** Opening Data for review block **
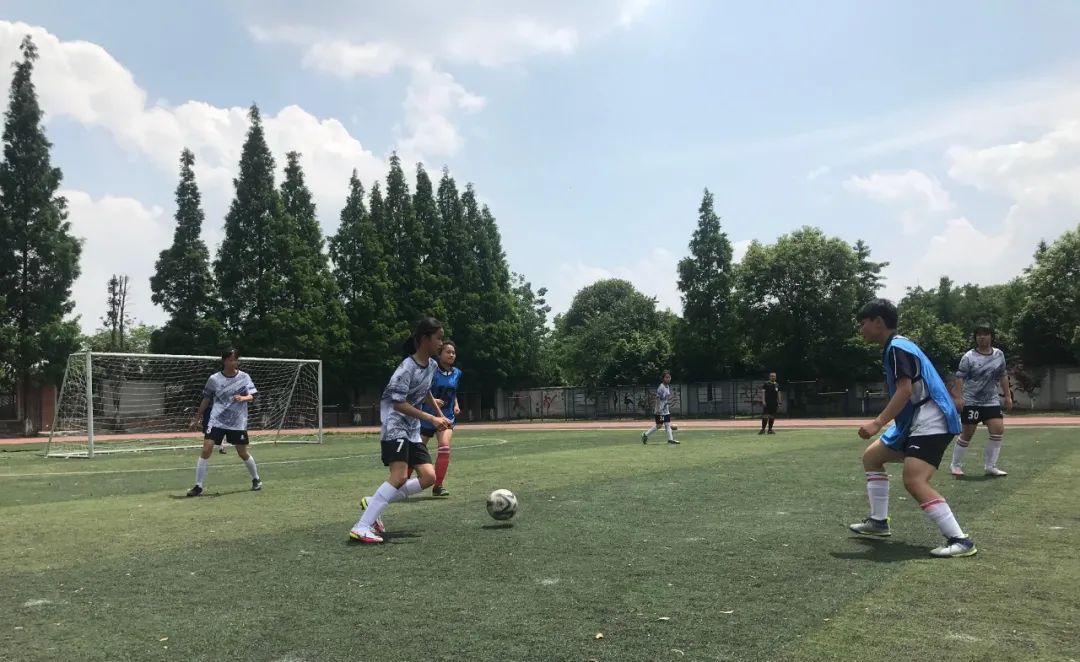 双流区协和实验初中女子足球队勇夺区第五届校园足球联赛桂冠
** Closing Data for review block **
** Opening Data for review block **
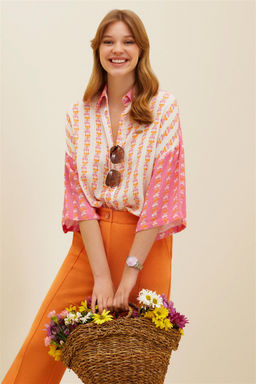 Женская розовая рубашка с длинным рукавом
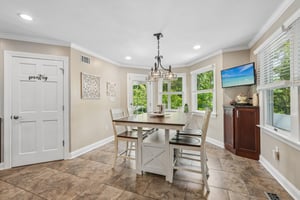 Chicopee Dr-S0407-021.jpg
** Closing Data for review block **
## Work required
Could you transcribe exactly the entries above, but only the lines from the one with "Женская розовая рубашка с длинным рукавом" through the one with "Chicopee Dr-S0407-021.jpg", and without pictures?

## Exercise response
 Женская розовая рубашка с длинным рукавом
 Chicopee Dr-S0407-021.jpg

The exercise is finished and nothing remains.